Records from a data collection:
Start of Block

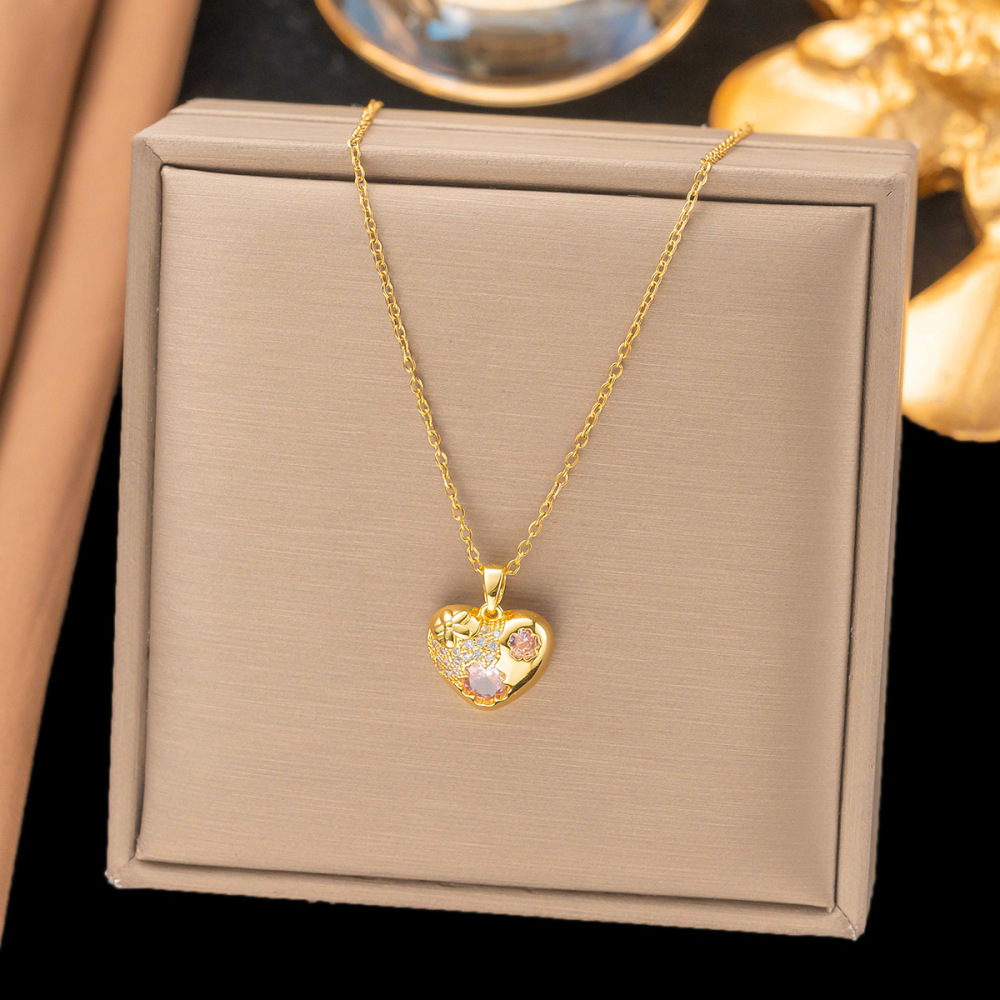 Pink Heart-Shaped Stainless Steel Jewelry Set For Women Minimalist Design No Engraving Accessories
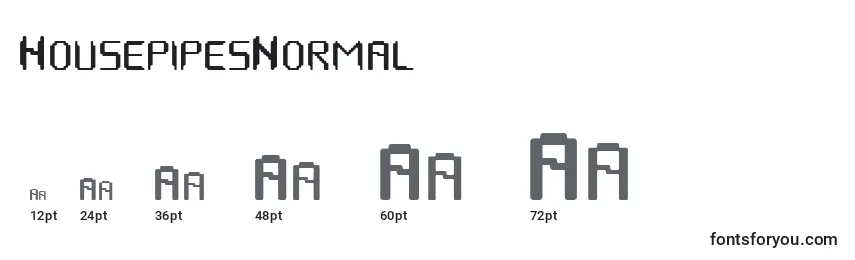 HousepipesNormal Font Sizes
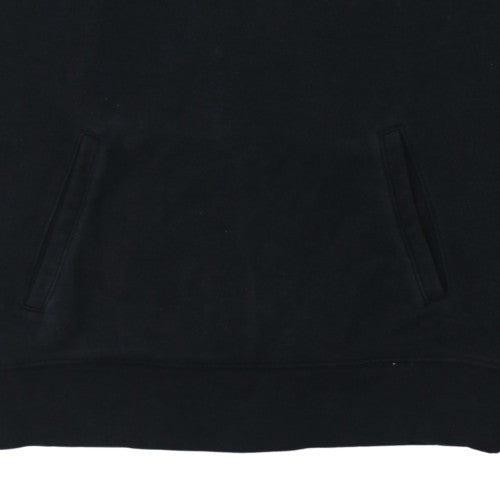 FILA Men's Black Pullover Hoodie Size M Logo Fleece Sweatshirt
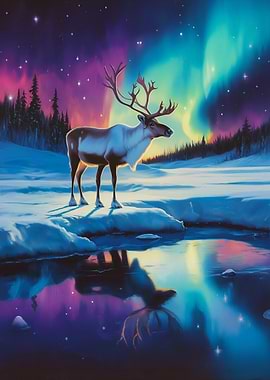 Reindeer under Aurora Borealis
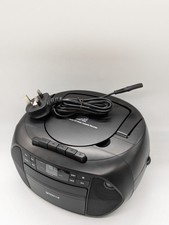 Groov-e GVPS833/BK traditional boombox portable cassette CD player radio aux B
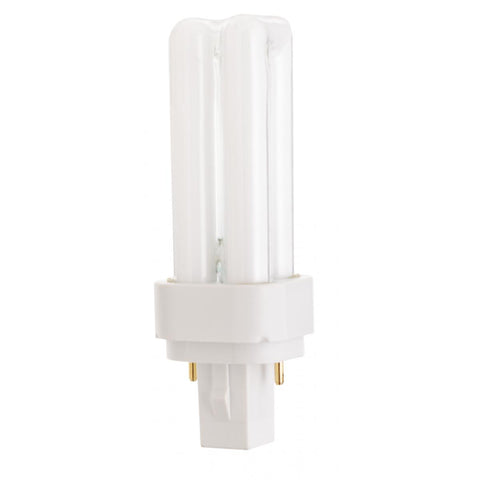 Satco - 9 Watt; pin-based Double Twin Compact Fluorescent; 2700K; 82 CRI; G23-2 base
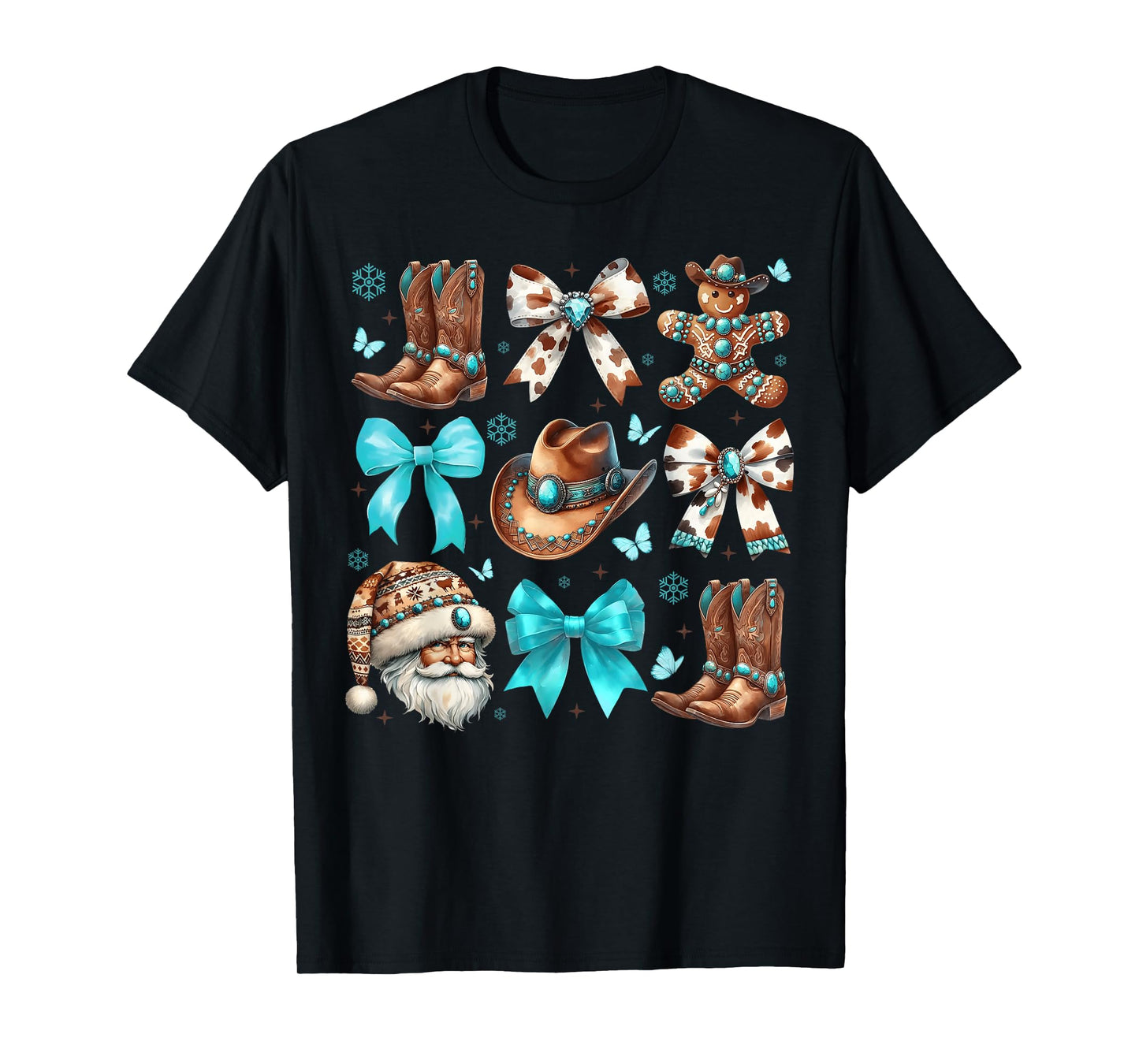 Howdy Christmas Cow Bows Santa Cowboy Boots Gingerbread Xmas T-Shirt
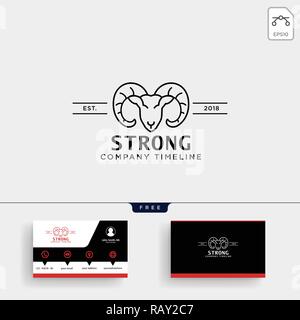 Starke Horn Bock logo template Vector Illustration und Business Card Design Stock Vektor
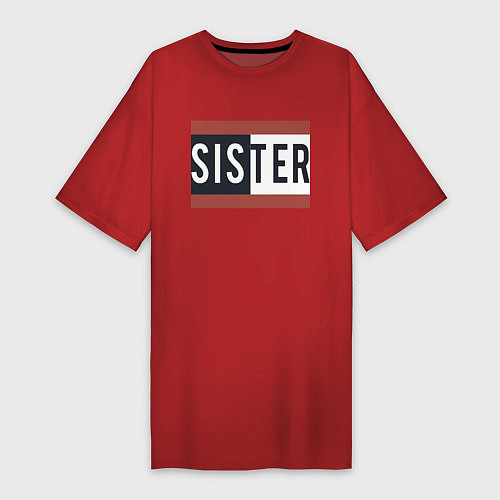 Женская футболка-платье Sister / Красный – фото 1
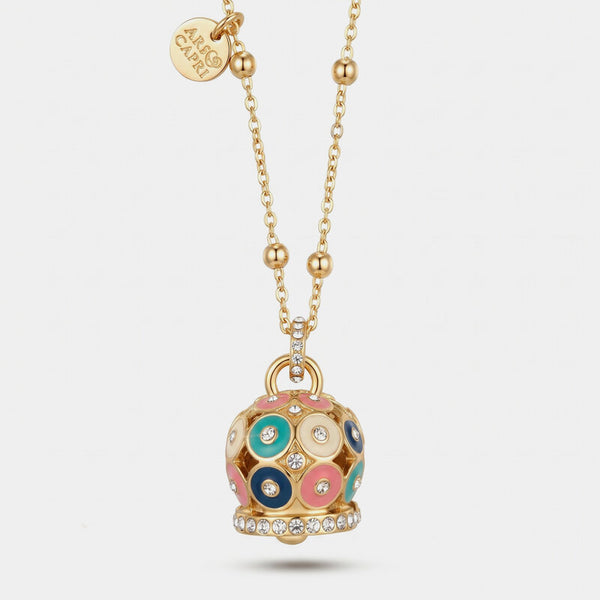 Collana in Metallo con campana a pois multicolor e zirconi grande - BYSIMON gioielli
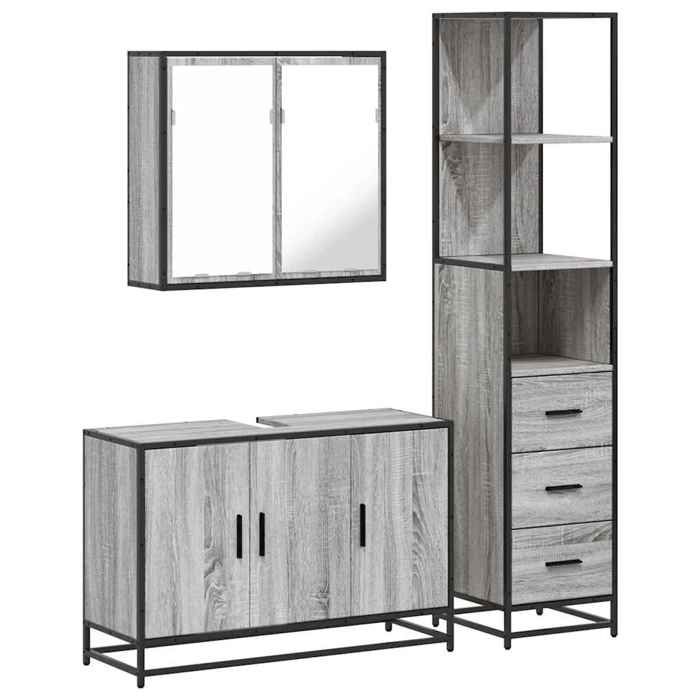 VidaXL Ensemble De Meubles De Salle De Bain 3 Pcs Sonoma Grey, Storage Cabinet, Bathroom Cabinet, Vanity Unit 3301133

End of Block

**Task directions:**
When copying the data above, repeat every word exactly and drop the pictures.

**The completed task:**
 Pink Heart-Shaped Stainless Steel Jewelry Set For Women Minimalist Design No Engraving Accessories
 HousepipesNormal Font Sizes
 FILA Men's Black Pullover Hoodie Size M Logo Fleece Sweatshirt
 Reindeer under Aurora Borealis
 Groov-e GVPS833/BK traditional boombox portable cassette CD player radio aux B
 Satco - 9 Watt; pin-based Double Twin Compact Fluorescent; 2700K; 82 CRI; G23-2 base
 Howdy Christmas Cow Bows Santa Cowboy Boots Gingerbread Xmas T-Shirt
 Starke Horn Bock logo template Vector Illustration und Business Card Design Stock Vektor
 Женская футболка-платье Sister / Красный – фото 1
 Collana in Metallo con campana a pois multicolor e zirconi grande - BYSIMON gioielli
 VidaXL Ensemble De Meubles De Salle De Bain 3 Pcs Sonoma Grey, Storage Cabinet, Bathroom Cabinet, Vanity Unit 3301133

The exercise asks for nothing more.